Closed Bug 473256 Opened 11 years ago Closed 11 years ago

TM: Wrong function called via `f()` when global f is reassigned on trace

Categories

(Core :: JavaScript Engine, defect, P1)

Other Branch
defect

Tracking

()

RESOLVED INCOMPLETE
mozilla1.9.1

People

(Reporter: jorendorff, Assigned: Waldo)

Details

(Whiteboard: [next beta])

Attachments

(1 file, 1 obsolete file)

function g() { print("g"); }
function h() { print("h"); }
a = [g, g, g, g, h];
for (i=0; i<5; i++) { f = a[i];  f(); }

Without JIT, the output is
g
g
g
g
h

With JIT,
g
g
g
g
g

Not sure what's going on here.  We deliberately do not guard on the identity of the function being called.  It is supposed to be guaranteed by the property cache.  I think this particular bit of code *does* go through CALLNAME, which should hit the propcache.  Perhaps the SETNAME at f=a[i] should cause us to bail off trace.
Flags: blocking1.9.1+
Priority: -- → P1
Assignee: general → brendan
Status: NEW → ASSIGNED
Target Milestone: --- → mozilla1.9.1
...and a voice from on high spoke to me, and lo! a potential insight into what might or might not be the problem!  And spoken with such utter uncertainty, too!

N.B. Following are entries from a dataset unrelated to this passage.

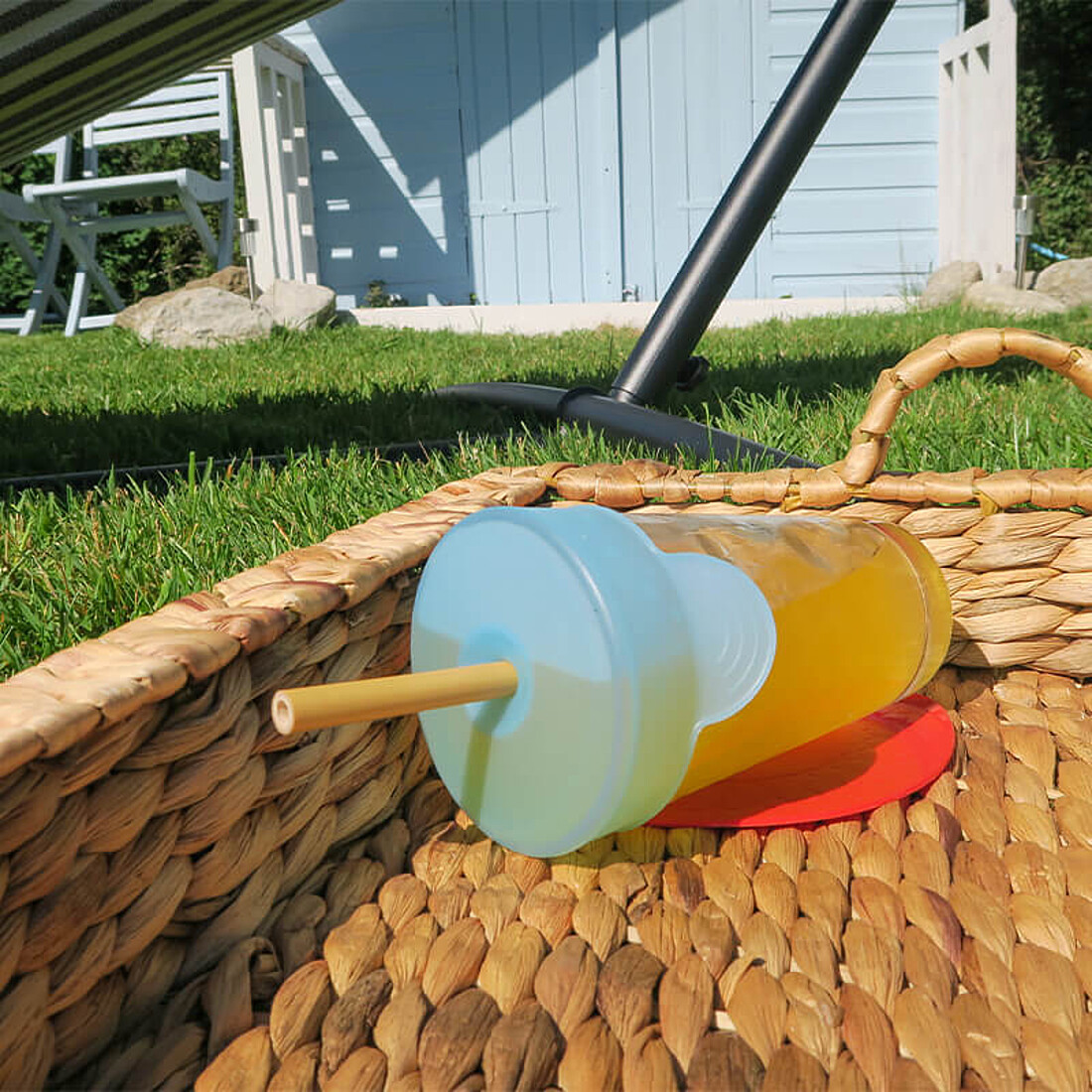 t-cc-1-8cm-cupcap-knocked-over-glass-3-web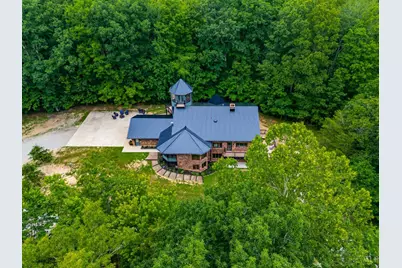 1927 Bethany Ridge Road, Brushcreek Twp, OH 45693 - Photo 39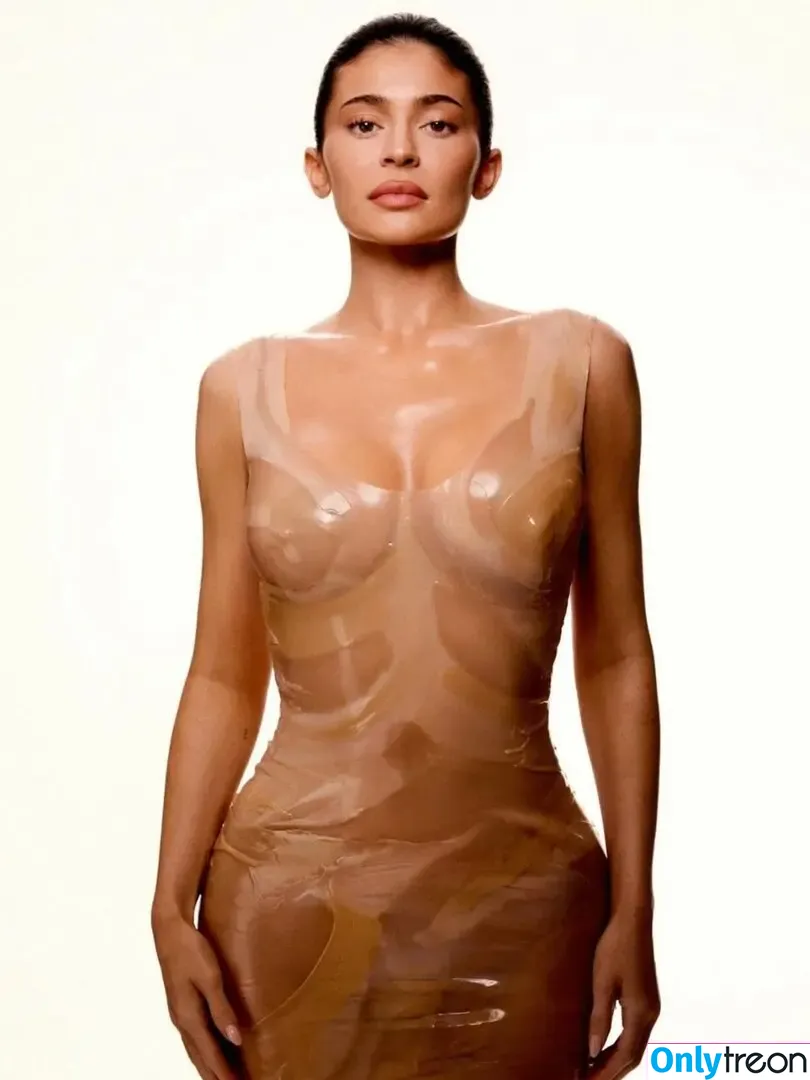 kyliejenner голая photo #0006 (Kylie)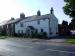 Picture of Rose & Crown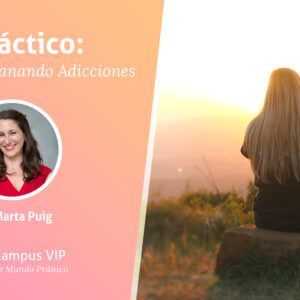 sanando adicciones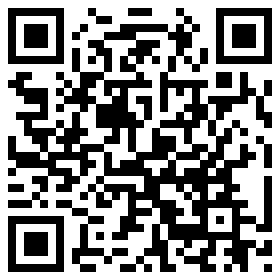 qrcode für Niedax Deckel Anbau Stück B504mm Edelstahl Drehriegelverschl - RTADV 500 E3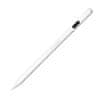 Aktivni pisalo – univerzalni stylus za Android in iOS z USB-C – bel
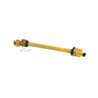 Wał napędowy PWE580 1010 mm DS1612003 Walterscheid DS1612003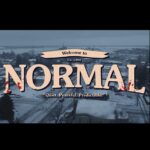 Normal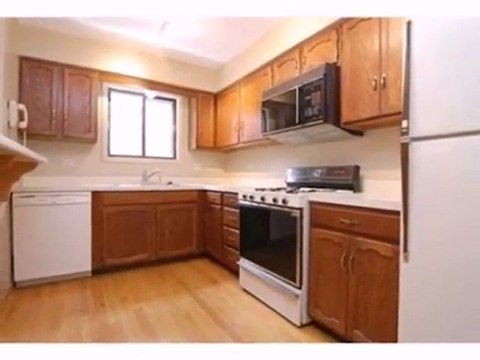 Homes for Sale - 726 W Junior Ter - Chicago, IL 60613 - Cold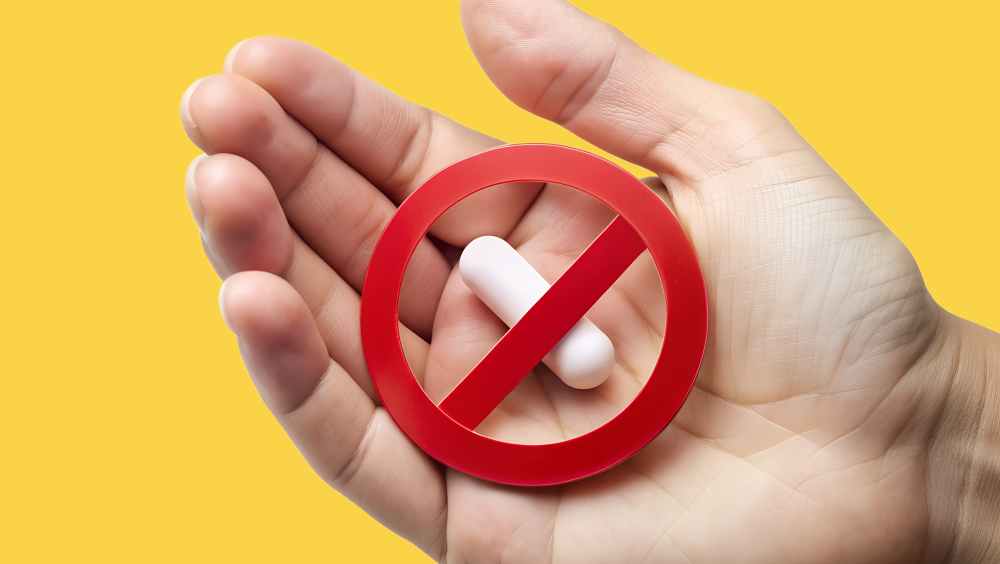 Debunking Common Myths About Nootropics: Separating Fact from Fiction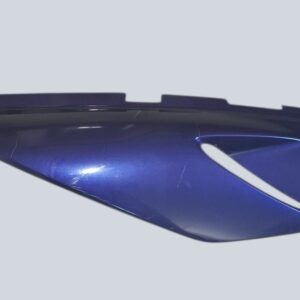 Cache latéral droit de HONDA 125 XLV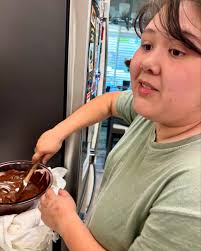 Sandra Herrera (@sandrah106) · Instagram photos and Reels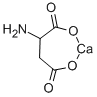 calcium DL-aspartate|DL-天冬氨酸钙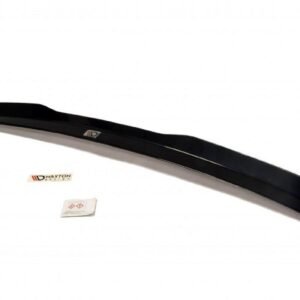 Extensión de Alerón Volkswagen T6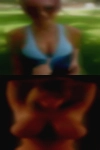 CA free local sex 95682 95692.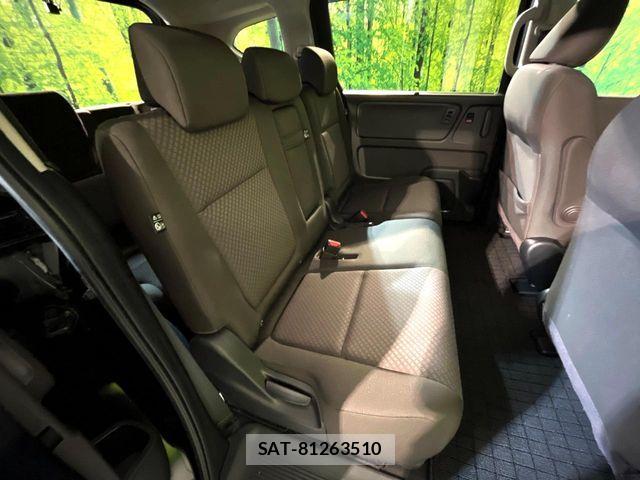 Honda FREED HYBRID 2021-07 6671470-8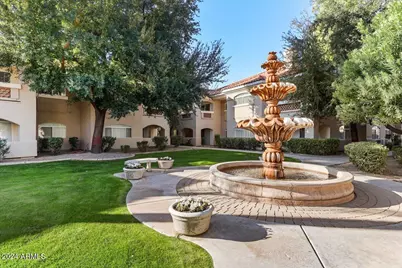 8653 E Royal Palm, Scottsdale, AZ 85258 - Photo 1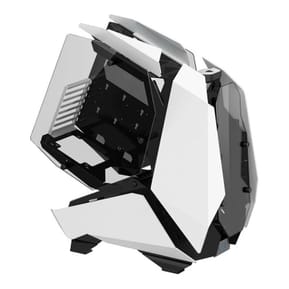 Jonsbo MOD-5 Blanc — image 2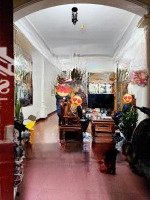 Quan Hoa, Cầu Giấy Cần Bán Nhà 88M, 3 Tầng, Giá Bán 16 Tỷ 6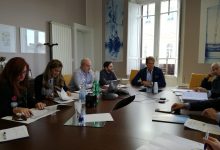 Benevento| Gesesa e Ato Calore presentano la nuova articolazione tariffaria e il bonus idrico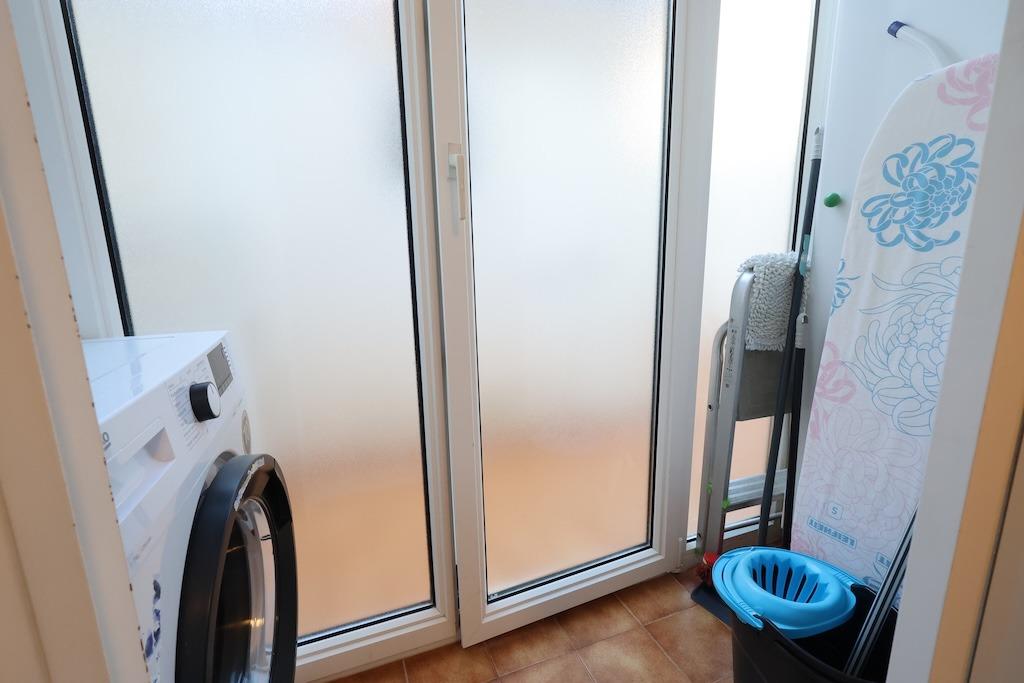 2 Bed, 2 Bath, HouseFor Sale, Orihuela Costa, Alicante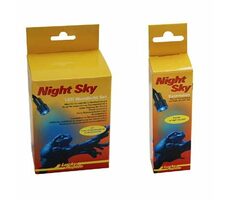 Lucky Reptile Night Sky LED-Erweiterung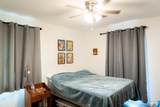 4322 Mockingbird - Photo 16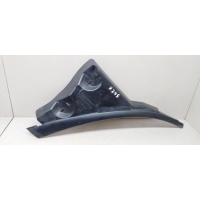 Дождевик Peugeot 807 2010 14006923XTL00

The set of the property "f" uses JSOP_SETNAME.  In JSOP_SETNAME I'd bet what's happening now is that we hit the "fastest path" and enter the NATIVE_SET to set f to its new value.  Inside NATIVE_SET we have another fast path which uses LOCKED_OBJ_WRITE_BARRIER.  That uses GC_WRITE_BARRIER, and if we go to there we see logic to update the scope's shape when a property is changed to/from a function value.  We're not doing this shape update to the scope on trace, nor are we detecting that we should be and leaving the trace.  I bet that's the root of the problem, but I haven't stepped through with a debugger to be sure.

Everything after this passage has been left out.